APUA may move to constructing wells for storing sea water to supply to RO Plants during rough weather, Nicholas says

The construction of wells appears to be another option, as the Government seeks to address the ongoing water crisis and supply households with the commodity.

The purpose of installing Reverse Osmosis Plants was to ensure that communities have water on a 24-hour basis.  However, according to reports, rough seas have made the intake of sea water impossible at times, often resulting in the fresh-water supply being curtailed or cut off to many households.

Newly appointed Minister of Public Utilities Melford Nicholas made a report on water production and distribution, and his plans to address both, at the February 15 Cabinet meeting.

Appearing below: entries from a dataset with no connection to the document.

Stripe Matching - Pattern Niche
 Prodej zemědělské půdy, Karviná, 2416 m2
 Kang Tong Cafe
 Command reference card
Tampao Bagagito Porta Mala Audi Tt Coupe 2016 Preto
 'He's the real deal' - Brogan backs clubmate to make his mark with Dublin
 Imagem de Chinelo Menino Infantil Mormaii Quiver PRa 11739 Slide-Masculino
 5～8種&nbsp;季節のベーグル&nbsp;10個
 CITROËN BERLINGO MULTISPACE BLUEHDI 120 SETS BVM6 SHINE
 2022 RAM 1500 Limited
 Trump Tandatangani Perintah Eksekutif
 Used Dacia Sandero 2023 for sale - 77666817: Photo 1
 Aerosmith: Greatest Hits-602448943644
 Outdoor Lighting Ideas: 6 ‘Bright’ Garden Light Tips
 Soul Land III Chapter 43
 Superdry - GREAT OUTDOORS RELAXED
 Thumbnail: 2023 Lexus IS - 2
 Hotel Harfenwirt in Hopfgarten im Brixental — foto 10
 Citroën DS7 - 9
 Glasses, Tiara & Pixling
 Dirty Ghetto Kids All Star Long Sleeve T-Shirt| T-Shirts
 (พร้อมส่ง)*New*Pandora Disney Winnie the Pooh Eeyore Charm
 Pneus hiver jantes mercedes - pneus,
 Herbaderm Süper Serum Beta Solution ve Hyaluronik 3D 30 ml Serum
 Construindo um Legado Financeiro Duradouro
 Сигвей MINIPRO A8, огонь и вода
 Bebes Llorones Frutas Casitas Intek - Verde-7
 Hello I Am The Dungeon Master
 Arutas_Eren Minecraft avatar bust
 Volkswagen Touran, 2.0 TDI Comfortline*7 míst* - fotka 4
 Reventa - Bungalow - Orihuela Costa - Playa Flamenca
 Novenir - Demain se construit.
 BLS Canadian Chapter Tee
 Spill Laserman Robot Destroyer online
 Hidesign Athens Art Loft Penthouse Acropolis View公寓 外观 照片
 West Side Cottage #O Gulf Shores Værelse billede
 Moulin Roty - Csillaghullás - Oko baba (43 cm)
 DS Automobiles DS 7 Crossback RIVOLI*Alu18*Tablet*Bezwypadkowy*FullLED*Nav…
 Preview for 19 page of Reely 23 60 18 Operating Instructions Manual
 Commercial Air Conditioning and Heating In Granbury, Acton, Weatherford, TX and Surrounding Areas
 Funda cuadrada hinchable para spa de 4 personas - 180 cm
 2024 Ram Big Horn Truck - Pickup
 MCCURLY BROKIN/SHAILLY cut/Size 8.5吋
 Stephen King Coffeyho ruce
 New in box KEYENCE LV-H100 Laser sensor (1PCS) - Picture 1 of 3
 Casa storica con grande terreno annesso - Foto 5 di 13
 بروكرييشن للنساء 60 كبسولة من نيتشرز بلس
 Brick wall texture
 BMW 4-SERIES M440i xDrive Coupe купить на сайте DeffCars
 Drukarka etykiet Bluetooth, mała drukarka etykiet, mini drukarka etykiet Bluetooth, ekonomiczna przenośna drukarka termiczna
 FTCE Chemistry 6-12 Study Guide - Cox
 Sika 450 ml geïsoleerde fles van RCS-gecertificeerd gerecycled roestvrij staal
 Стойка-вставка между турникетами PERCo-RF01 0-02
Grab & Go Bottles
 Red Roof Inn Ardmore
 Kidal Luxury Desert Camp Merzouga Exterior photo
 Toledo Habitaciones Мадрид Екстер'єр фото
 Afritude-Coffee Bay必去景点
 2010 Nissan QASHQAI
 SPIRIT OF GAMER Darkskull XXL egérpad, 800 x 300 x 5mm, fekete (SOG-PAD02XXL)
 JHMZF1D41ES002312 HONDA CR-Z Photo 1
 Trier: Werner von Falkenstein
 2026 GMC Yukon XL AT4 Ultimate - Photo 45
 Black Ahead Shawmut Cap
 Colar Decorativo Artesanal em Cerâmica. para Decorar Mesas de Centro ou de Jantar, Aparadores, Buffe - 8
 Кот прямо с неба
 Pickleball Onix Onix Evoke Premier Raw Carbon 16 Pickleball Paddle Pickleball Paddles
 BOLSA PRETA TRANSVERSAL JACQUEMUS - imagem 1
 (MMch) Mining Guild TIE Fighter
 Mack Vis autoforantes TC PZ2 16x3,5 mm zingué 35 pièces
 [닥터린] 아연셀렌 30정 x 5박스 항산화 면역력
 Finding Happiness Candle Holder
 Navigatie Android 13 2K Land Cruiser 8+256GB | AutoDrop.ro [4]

According to this week’s Notes, the Antigua Public Utilities Authority (APUA) “will likely follow other nations and construct deep wells on land near the ocean into which filtered water will flow from the sea.”

This, it says, will allow for that water to remain a source for desalination even when the sea is rough.

The minister reportedly visited virtually every Reverse Osmosis Plant across the island in order to get a first-hand look at the challenges APUA faces.

He says the plants require security fencing and cameras in order to guard against mischief and vandalism.

Spare parts for the plants have also been an issue in the past, and Nicholas says this is being addressed.

Meanwhile, some residents are asking why the Administration continues to focus only on desalination while ignoring the other main other water catchments, including Potworks Dam, which has deteriorated into a forest.

A resident, who notes it is more costly to use desalination, is also  wondering about the Government’s promise of water tanks and the plan to bring online the storage tanks that the United Progressive Party (UPP) had put in place.

Rain is not falling in abundance, she agrees, but at those times when the country is so blessed, the tanks could be gradually filled, she says.